And all-- it's an idea factory that all comes together to raise the level of intellect of the organization every day. And that model works.

CHARLIE ROSE: One thing you believe in -- I want to come back to Honeywell--

JACK WELCH: Yeah.

CHARLIE ROSE: But one thing you believe in, as you think about that model, is the impact the Internet will have on the future.

JACK WELCH: Abso--

CHARLIE ROSE: In terms of selling. In terms of saving money.

JACK WELCH: Charlie, it's gonna-- It will revolutionize business, as I said the last time I saw you.

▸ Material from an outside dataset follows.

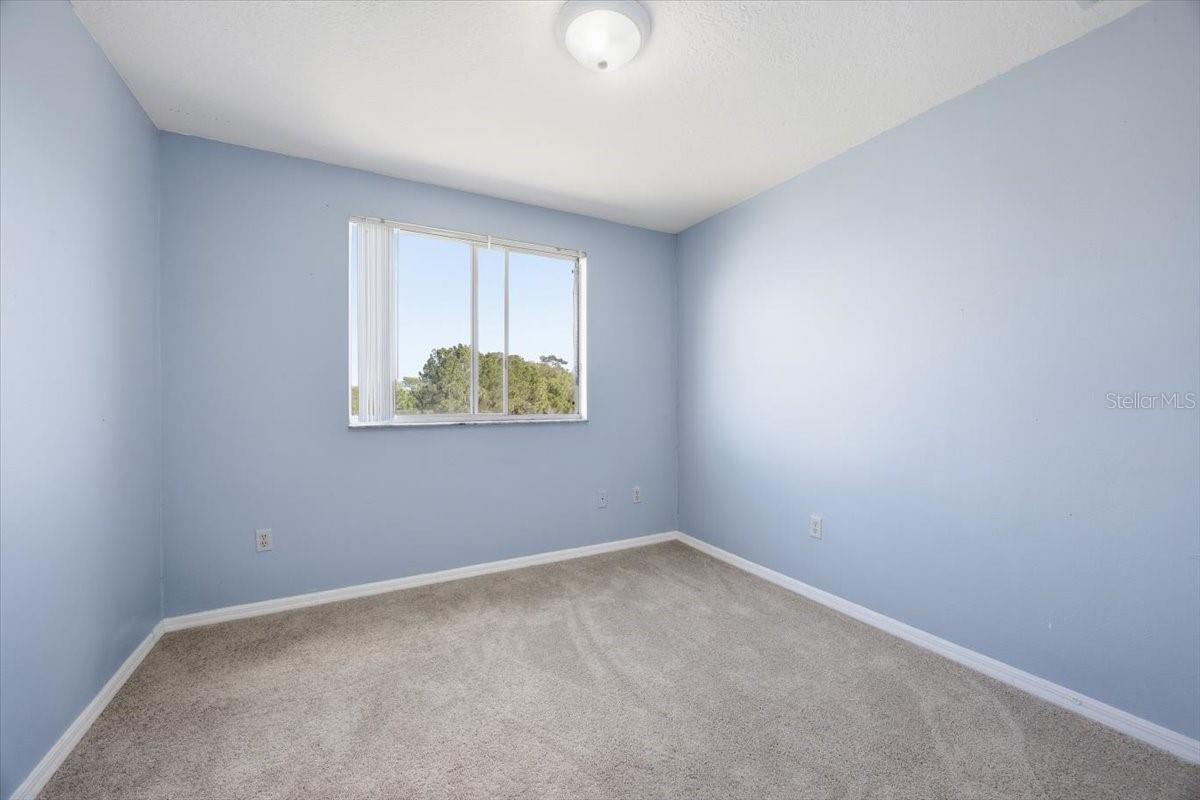 713 Washington Palm Loop #main Property Photo 17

It's the biggest revolution in my lifetime in business.

The fact that some business models didn't work has nothing to do with the funda--

CHARLIE ROSE: Some dot-coms didn't work.

JACK WELCH: Right.

The digitization of a company, taking all the bad scud work out of the back rooms, taking all the paperwork out, taking all-- digitizing a company and putting information transparent to customers, transparent to suppliers, transparent to employees.

Power will no longer be brokered by some information hog sitting one level above somebody else 'cause everyone will have the same information.

CHARLIE ROSE: We've talked about this before, but everybody didn't see that -- as much as-- as many people saw that interview, everybody didn't see it -- you went to Europe, I think it may have been London.

JACK WELCH: Right.

CHARLIE ROSE: And you-- somehow somebody shows you, who's on line.

Now, you knew about on line because--

JACK WELCH: Right.

CHARLIE ROSE: --somebody in your family had ordered on line before.

JACK WELCH: Right, right.

CHARLIE ROSE: But that was about the extent of your knowledge. Right?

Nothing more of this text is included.